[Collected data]
Content starts
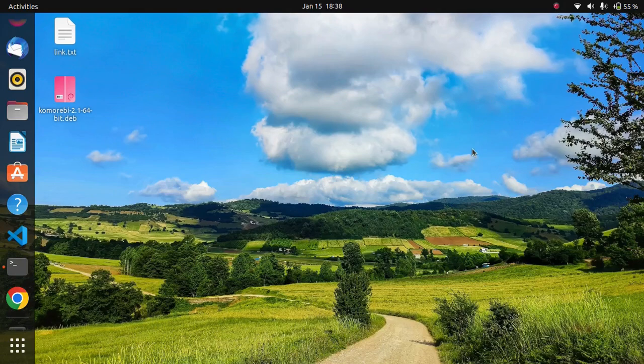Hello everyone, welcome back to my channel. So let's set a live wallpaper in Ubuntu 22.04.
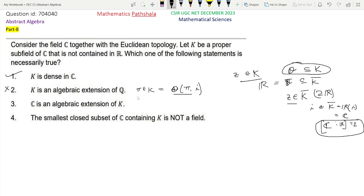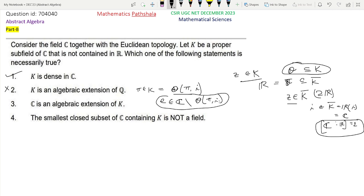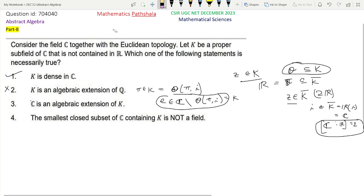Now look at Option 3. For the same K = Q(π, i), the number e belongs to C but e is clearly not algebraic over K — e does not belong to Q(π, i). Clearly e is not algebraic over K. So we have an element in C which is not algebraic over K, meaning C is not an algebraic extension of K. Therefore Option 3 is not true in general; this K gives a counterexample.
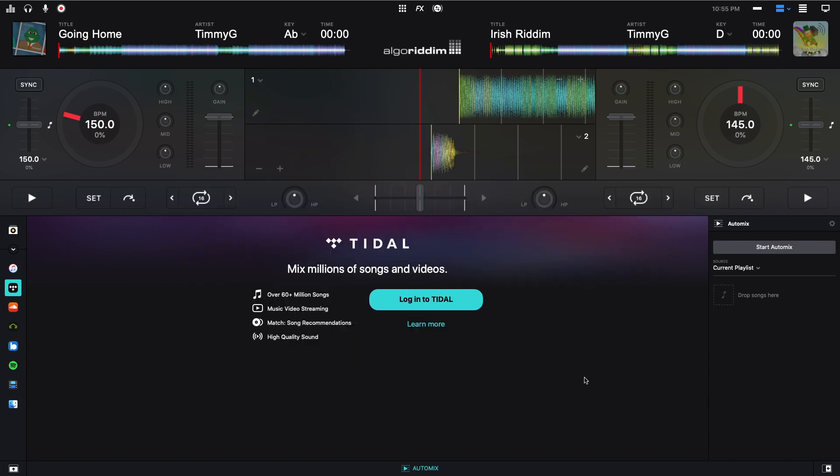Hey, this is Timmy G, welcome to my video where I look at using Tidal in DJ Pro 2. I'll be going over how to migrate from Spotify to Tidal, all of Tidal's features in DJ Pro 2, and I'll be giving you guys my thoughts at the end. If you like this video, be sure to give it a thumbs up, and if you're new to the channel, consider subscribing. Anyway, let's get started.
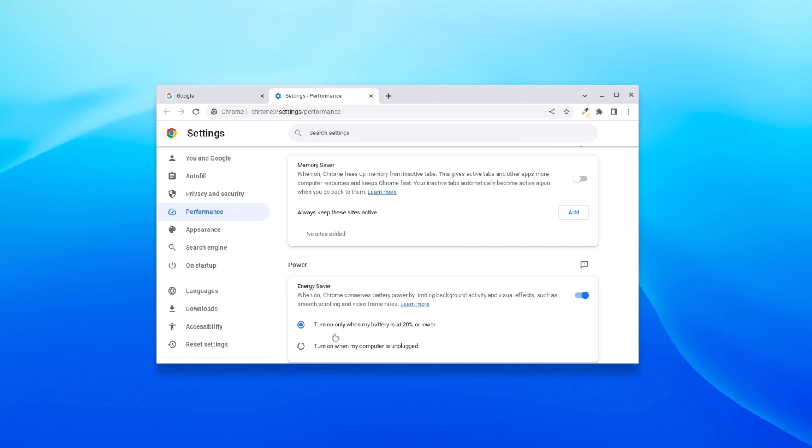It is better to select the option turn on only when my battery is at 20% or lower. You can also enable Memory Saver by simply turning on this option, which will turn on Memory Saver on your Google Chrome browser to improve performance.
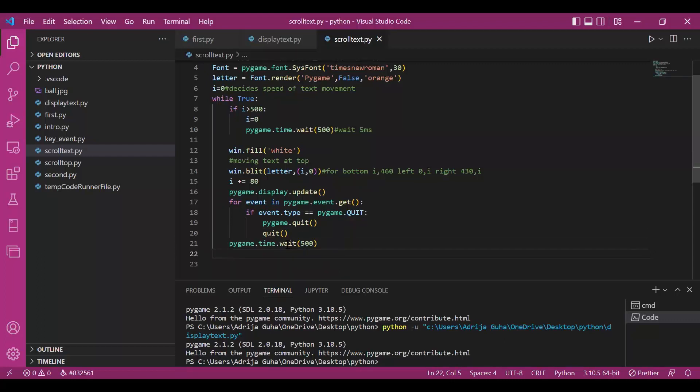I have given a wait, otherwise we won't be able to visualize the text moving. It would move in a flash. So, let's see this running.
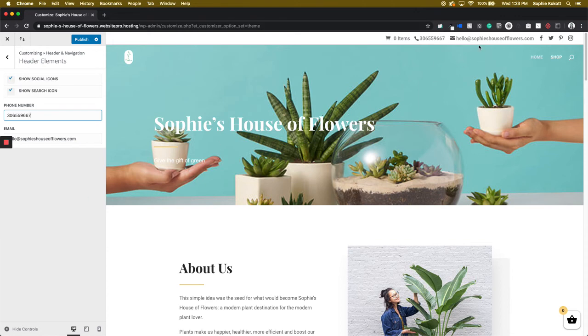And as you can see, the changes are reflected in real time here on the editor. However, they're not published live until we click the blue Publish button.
Content ends
## EXERCISE DETAILS
Please write out exactly, and only, the lines from the beginning of the entries through the line containing "Hey, this is", including both and skipping all pictures.

## RESPONSE FOR THIS EXERCISE
Hello everyone, welcome back to my channel. So let's set a live wallpaper in Ubuntu 22.04.
Now look at Option 3. For the same K = Q(π, i), the number e belongs to C but e is clearly not algebraic over K — e does not belong to Q(π, i). Clearly e is not algebraic over K. So we have an element in C which is not algebraic over K, meaning C is not an algebraic extension of K. Therefore Option 3 is not true in general; this K gives a counterexample.
Hey, this is Timmy G, welcome to my video where I look at using Tidal in DJ Pro 2. I'll be going over how to migrate from Spotify to Tidal, all of Tidal's features in DJ Pro 2, and I'll be giving you guys my thoughts at the end. If you like this video, be sure to give it a thumbs up, and if you're new to the channel, consider subscribing. Anyway, let's get started.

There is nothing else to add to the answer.